A descrição dos cenários feita pelo autor e a escolha do léxico são bastante importantes na criação da sensação de suspense:

“Era, de fato, muito antigo. E o tempo desbotara tudo. Muitas plantas pequenas cresciam no telhado, descendo pelos beirais. Isso, porém, não significava estrago na construção. Pelo contrário, esta se encontrava intacta. Nada desmoronando. Mas parecia haver uma violenta contradição entre o ajuste perfeito das pedras e seu estado de esfarinhamento, de fragmentação isoladamente. Dava mesmo a impressão de uma estrutura apodrecida durante longos anos, mas que o contato com o ar exterior a fizera manter-se de pé”. (POE, 2005. p. 76)  

“Desbotara”, “desmoronando”, “esfarinhamento”, “fragmentação” e “apodrecida”, termos usados na caracterização da casa, vão se sobrepondo e construindo um cenário de “ruínas”, bastante apropriado para uma história de mistério. Em todo o conto esses recursos são utilizados; logo, destacá-los para os alunos é fundamental para que possam colocá-los em prática na produção dos seus próprios contos (a caracterização morfológica e sintática desses termos também merecem atenção).

 

Atividade 4 – Aprendendo a “dizer” o conto

 Este é o momento de distribuir o texto A queda da casa de Usher (que poderá ser a tradução direta do original de Edgar Allan Poe ou a adaptação feita por Clarice Lispector) aos alunos.
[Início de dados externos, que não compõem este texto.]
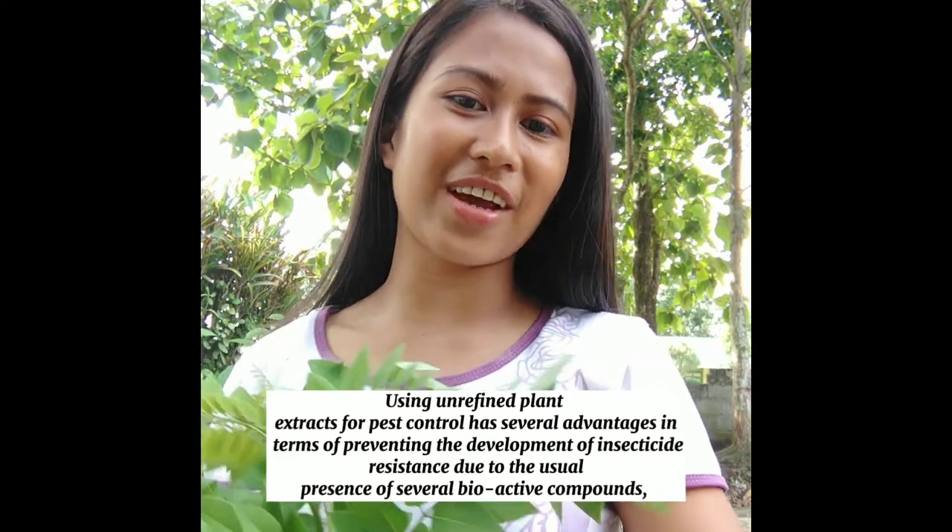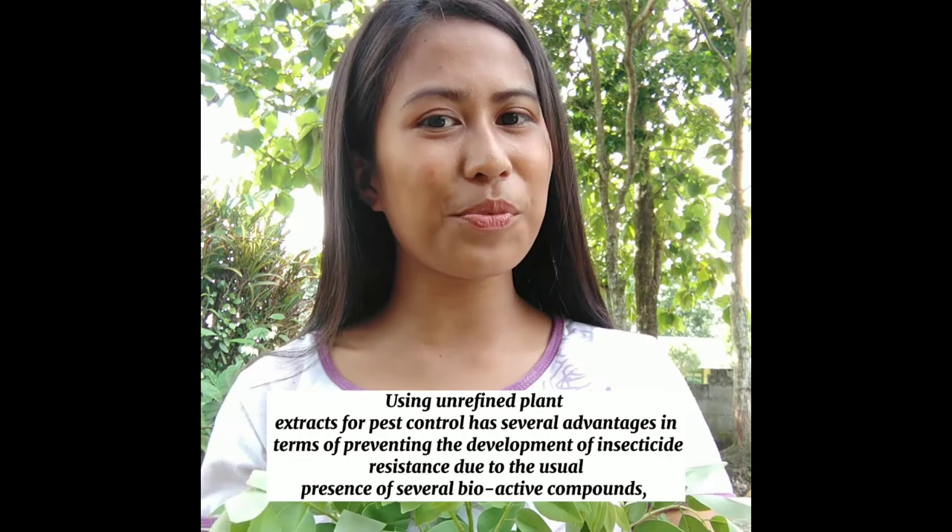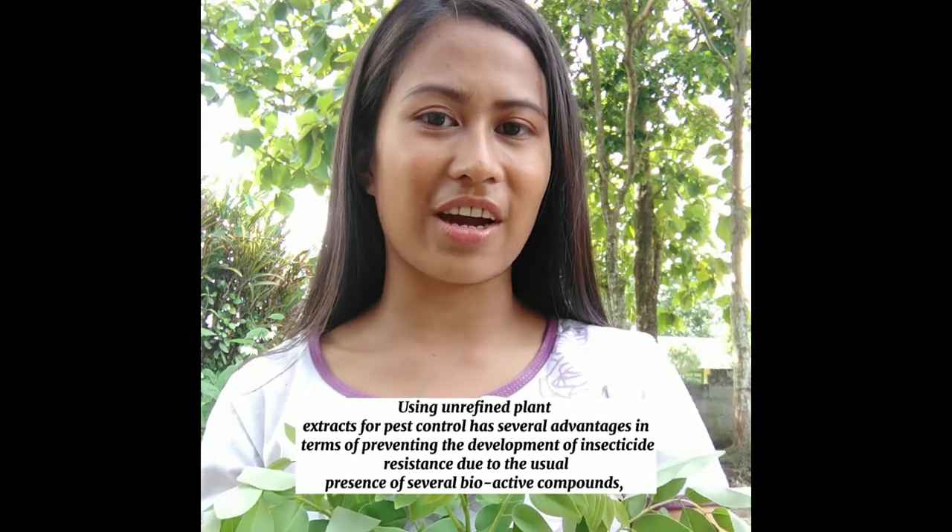Good day everyone. I'm Sheila Grace Coimi and now I want to show you how to prepare a Botanical Extract with the use of Madrid Cacao leaves.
O conto, já lido pelo professor, será agora relido junto com os alunos, que o terão em mãos. Essa estratégia de apresentar o texto “materializado” somente depois deles terem tido contato por meio da escuta é uma forma de fazer com que se interessem pela forma com que o texto escrito é construído. Entra aqui a idéia de tecer, que está na origem da palavra texto. Ao ler, apenas, o professor está apresentando uma forma mais próxima da oralidade (apesar do material lido estar escrito), já que ao ouvir apreendemos estruturas nucleares e elementos principais do que está sendo lido. Mediante a visualização do texto, possibilitada pela leitura conjunta, é que o aluno perceberá os reais recursos textuais utilizados pelo autor, tais como encadeamento de orações, divisão por parágrafos, pontuação, aliterações, assonâncias e outros recursos estilísticos.
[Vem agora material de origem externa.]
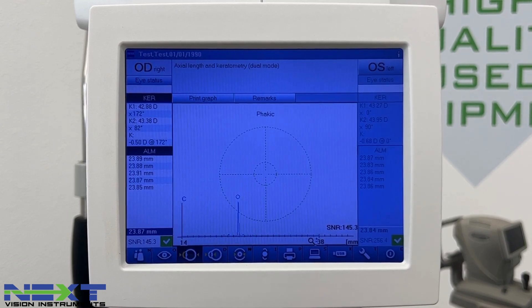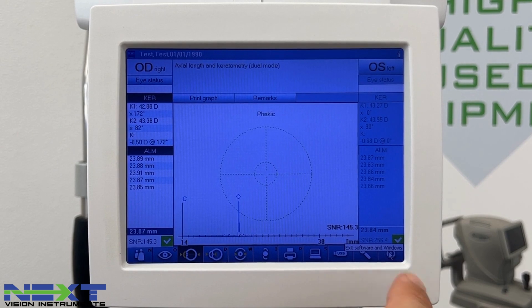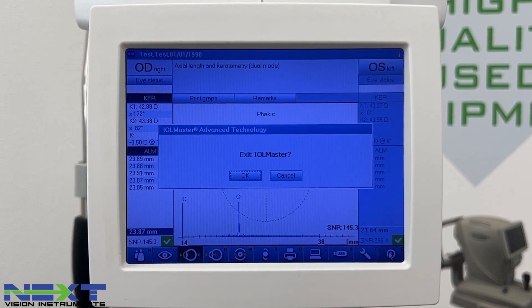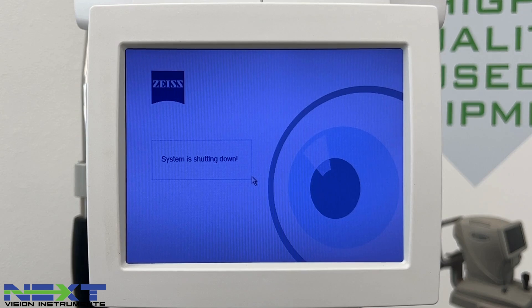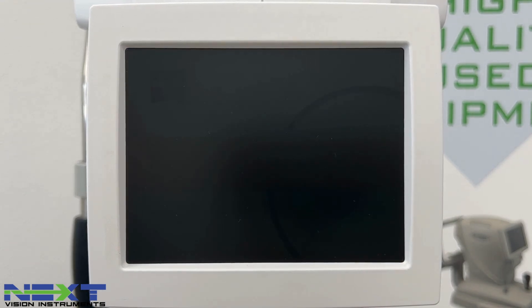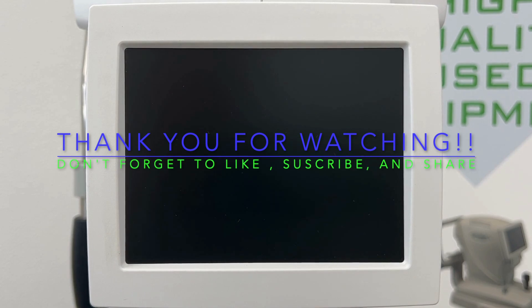At the end of the day when clinic is over, come to the button all the way on the right-hand side, click it, and select Exit IOL Master. Click OK — the system will begin shutting down. Once the screen goes off, flip your power switch and be sure to cover the unit with a dust cover.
Aqui, pode-se dar destaque à entonação, ao ritmo e à respiração, demonstrando aos alunos que a leitura deve contemplar esses aspectos se quiser transparecer o clima que o autor procurou criar quando escreveu a história.

 

Módulo II

Atividade 5 – Pondo a mão na massa

Os aspectos da oralidade e da leitura trabalhados nas cinco aulas anteriores já poderão, a essa altura, convergir para o trabalho escrito. As narrativas orais colhidas pelos alunos com seus familiares serão passadas para o papel, e é interessante que esse processo seja trabalhado com mais profundidade.
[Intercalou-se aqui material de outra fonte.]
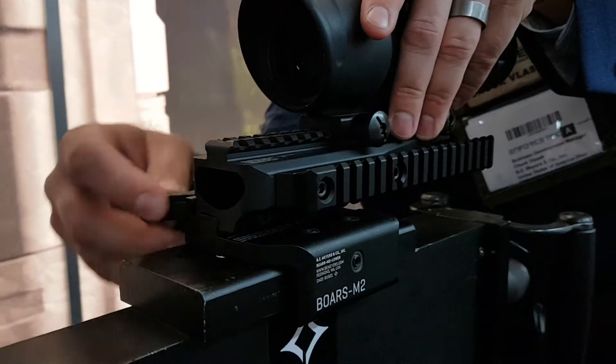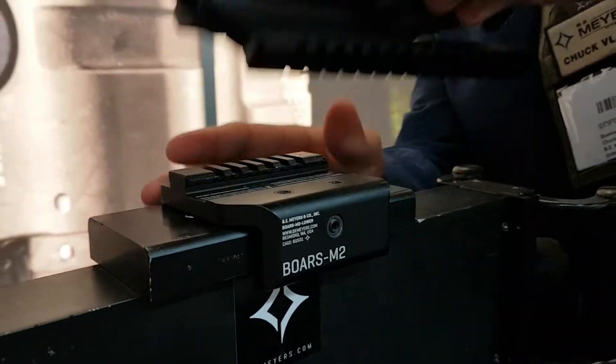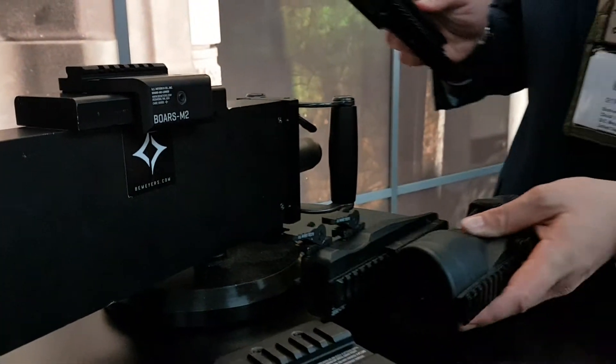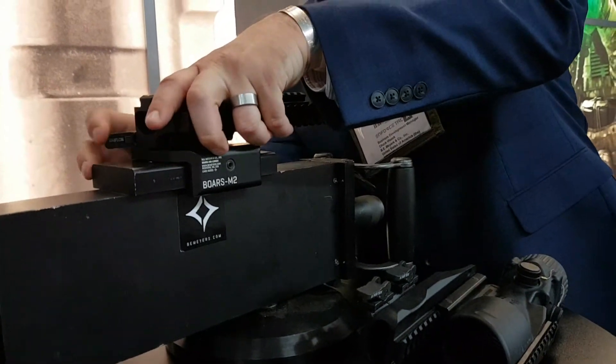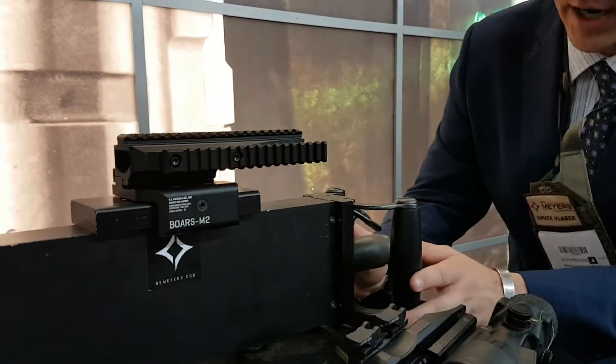The two-piece design allows you to change between day and night optics in a matter of seconds while still retaining your bore sight zero. The design is also low profile, so you can actually get low behind the machine gun. It features a side optic rail as well as quick-detach throw levers.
As diferenças entre oralidade e escrita são nítidas e o professor pode explorá-las. A hesitação e a repetição presentes na fala são traços que geralmente inexistem no texto escrito. A fala, como sabemos, possui mais fluência e é mais imediata que a escrita, que exige um processo mais cuidadoso de construção que visa à clareza de sentido. 

Para exemplificar, o professor pode pedir a algum aluno que conte rapidamente uma história sobrenatural que tenha escutado (a lenda do lobisomem, por exemplo) e, ao mesmo tempo, transcrever na lousa a fala desse aluno, destacando que estão sendo reproduzidos, tais quais foram produzidos, os traços de oralidade, como repetições, hesitações e auto-correções de fala. Ao final, o professor pode reescrever esse trecho na forma considerada recomendável. 

 

Atividade 6 – Treinando a leitura

Após a produção escrita da aula anterior, propomos uma “quebra” na seqüência. Entram em cena outros gêneros. O professor pode selecionar trechos de notícias, piadas, poemas, receitas, artigos, e distribuí-los aleatoriamente aos alunos. Em um recipiente (caixa ou saco plástico), seriam colocados papéis contendo “estados de espírito” (preferencialmente relacionados às emoções reincidentes em contos de terror: apreensivo, triste, amedrontado, perturbado, nervoso, deprimido, assustado, aterrorizado, etc).

O docente explica aos alunos que eles lerão os trechos em voz alta de acordo com o “estado de espírito” sorteado. Essa atividade pode tornar-se divertida na medida em que uma receita, por exemplo, pode ser lida como se fosse uma história de terror, causando, no mínimo, um estranhamento necessário para despertar o interesse por diferentes formas de leitura.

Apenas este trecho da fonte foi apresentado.